Examples: Elasticsearch, Presto/Impala
Here the model is to store every different field as columns of given types. The timestamp is just one column, so are the metric name, the tags and the values. This means that even though you have only two different metrics in your database, you will need to store the metric name for every single datapoint. Luckily, this can be done in a very compact fashion because each field stores its values together in columns. So if you store only two metrics, you can encode each value in with only one bit, the original values can be retrieved with a dictionary, and the bit array can be further compressed with various techniques such as run length encoding .
This columnar organization makes the data less sensitive to the explosion of cardinality, because columns remain independent. If you have a column that represents a tag with many complicated values, this will barely impact queries as long as they don’t use this column. On top of that, you can speed up queries on that complicated column by adding the appropriate indexes (e.g. reverse indices for full text search).
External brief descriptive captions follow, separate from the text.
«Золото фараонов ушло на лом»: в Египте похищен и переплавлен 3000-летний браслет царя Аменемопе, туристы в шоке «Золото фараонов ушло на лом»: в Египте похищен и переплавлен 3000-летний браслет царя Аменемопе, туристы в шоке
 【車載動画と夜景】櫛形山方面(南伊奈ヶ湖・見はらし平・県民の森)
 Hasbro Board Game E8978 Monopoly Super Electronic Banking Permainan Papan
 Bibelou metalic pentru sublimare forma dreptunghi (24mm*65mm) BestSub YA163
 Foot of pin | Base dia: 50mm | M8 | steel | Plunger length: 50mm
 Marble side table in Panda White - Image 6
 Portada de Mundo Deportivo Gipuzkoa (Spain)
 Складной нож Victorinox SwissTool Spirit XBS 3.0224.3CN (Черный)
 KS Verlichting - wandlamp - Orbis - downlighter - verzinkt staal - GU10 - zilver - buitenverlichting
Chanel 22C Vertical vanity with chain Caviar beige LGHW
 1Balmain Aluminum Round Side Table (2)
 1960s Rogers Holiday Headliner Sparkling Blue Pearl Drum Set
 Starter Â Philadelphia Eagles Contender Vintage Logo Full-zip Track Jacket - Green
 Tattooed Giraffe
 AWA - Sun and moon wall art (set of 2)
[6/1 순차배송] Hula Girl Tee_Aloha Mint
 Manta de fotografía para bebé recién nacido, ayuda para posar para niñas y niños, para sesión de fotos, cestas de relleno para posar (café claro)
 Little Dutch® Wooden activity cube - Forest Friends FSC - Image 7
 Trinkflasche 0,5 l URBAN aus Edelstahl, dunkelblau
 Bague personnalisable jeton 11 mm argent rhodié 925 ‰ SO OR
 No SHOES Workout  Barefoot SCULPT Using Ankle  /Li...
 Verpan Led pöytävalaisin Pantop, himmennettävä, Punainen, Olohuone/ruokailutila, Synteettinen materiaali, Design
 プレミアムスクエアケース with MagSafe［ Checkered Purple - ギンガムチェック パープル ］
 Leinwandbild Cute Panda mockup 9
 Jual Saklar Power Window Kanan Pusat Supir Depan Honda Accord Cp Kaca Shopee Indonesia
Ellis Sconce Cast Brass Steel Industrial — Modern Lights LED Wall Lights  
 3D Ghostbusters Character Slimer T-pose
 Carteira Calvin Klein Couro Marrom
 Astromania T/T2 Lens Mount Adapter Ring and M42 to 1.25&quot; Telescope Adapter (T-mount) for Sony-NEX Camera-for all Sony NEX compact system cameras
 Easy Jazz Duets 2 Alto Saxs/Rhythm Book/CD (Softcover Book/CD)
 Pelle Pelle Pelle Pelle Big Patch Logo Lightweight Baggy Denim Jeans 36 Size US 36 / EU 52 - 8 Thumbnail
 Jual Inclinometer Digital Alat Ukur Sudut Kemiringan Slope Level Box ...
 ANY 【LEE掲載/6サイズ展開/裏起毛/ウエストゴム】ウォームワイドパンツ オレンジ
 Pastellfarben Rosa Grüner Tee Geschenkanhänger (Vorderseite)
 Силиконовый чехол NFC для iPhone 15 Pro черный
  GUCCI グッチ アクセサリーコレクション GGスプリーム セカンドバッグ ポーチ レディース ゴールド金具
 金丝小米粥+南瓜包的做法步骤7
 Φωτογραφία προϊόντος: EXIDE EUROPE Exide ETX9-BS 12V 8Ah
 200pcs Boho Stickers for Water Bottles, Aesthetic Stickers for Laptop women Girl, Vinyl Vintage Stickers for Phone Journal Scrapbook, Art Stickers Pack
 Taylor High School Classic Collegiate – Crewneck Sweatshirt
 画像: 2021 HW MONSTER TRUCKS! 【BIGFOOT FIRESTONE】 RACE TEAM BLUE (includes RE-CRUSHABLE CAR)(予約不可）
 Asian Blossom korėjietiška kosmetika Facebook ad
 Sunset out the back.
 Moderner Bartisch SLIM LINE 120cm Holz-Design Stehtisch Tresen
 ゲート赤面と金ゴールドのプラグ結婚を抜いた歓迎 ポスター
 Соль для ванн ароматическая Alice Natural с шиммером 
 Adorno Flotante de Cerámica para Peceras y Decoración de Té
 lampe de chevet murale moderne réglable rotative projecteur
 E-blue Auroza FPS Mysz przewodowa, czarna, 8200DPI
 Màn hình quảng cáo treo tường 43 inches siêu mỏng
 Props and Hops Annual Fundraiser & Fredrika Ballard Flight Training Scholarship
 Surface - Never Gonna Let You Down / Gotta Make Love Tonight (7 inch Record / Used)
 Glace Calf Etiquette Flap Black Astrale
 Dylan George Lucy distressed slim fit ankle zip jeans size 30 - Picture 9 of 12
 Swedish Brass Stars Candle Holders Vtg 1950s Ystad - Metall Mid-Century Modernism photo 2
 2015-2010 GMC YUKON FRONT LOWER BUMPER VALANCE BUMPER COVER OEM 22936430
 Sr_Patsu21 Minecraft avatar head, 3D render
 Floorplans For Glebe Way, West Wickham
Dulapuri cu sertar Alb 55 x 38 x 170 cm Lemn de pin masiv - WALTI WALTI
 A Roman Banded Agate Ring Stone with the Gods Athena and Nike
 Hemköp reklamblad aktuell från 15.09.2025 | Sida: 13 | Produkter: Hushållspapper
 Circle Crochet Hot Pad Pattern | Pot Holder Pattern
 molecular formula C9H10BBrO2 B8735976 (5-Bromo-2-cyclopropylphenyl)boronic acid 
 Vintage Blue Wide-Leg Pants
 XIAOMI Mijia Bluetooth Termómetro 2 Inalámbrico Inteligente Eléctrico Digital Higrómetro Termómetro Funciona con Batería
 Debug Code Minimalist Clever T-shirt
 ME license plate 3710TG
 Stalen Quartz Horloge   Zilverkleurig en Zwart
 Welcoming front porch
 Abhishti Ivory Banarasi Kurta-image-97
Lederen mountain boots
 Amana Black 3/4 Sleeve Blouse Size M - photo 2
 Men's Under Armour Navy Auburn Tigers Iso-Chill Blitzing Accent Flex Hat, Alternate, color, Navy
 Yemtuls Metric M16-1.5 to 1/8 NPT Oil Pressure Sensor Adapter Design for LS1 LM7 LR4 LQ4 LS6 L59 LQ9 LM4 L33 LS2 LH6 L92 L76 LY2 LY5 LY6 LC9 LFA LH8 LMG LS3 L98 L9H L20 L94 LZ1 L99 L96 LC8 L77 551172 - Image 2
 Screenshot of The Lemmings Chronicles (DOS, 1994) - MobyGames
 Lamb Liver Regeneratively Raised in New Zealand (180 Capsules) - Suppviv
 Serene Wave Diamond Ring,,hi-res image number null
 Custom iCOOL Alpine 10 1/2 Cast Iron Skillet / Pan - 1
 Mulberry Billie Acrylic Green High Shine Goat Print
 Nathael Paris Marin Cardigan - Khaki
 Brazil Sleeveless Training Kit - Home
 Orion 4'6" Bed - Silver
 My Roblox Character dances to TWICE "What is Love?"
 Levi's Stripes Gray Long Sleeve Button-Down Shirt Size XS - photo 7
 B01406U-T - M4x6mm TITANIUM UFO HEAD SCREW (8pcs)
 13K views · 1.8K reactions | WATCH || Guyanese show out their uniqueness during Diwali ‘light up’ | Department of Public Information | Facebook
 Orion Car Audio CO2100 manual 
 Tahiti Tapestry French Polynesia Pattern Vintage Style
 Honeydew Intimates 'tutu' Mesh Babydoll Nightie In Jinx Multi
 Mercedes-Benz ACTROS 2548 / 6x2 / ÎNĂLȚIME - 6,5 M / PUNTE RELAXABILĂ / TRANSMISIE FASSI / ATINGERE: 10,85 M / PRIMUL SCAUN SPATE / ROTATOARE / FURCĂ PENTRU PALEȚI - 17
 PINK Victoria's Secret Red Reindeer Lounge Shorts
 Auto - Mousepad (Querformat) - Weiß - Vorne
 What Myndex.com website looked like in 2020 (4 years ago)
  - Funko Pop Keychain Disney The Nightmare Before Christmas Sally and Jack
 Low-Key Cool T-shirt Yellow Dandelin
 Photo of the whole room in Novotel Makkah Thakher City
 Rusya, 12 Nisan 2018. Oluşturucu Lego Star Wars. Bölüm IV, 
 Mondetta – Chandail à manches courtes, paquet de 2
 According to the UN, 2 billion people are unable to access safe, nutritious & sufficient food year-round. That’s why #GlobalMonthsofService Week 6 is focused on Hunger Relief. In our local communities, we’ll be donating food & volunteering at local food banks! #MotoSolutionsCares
This flexibility comes with a cost compared with metric databases. If most of your queries target only one source (one given metric name + unique combination of tags), you will still need to scan all the datapoints, even if you will only need to read the columns that are used by your query. This issue can be partially mitigated by partitioning the data. Data should always be partitioned by time, otherwise queries, no matter their complexity, would only become slower and slower through time as the dataset grows. You can add one or two more partitioning(s) if you know that some of the columns have limited cardinalities and you know that they will always be used to filter the queries. One example could be the “customer” dimension in a SaaS analytics platform, as each customer would only query its own data.
On the other hand, if you need to slice and dice your data across many dimensions, columnar databases will provide pretty consistent performances because you would keep scanning a similar amount of data. This is very valuable for use cases where you want your users to explore the data more freely. If you manage to provision sufficient compute and bandwidth to the data storage to read the targeted partitions with the expected latency, you secure a very flexible way to expose your time series data.
Even though the use of quickly scaling cloud functions is independent from the modeling, we decided to focus mainly on the columnar data model. We just love the slice and dice flexibility it provides. Our challenge is to make the extra cost in terms of resources acceptable by allocating instantly the right amount of compute for each query.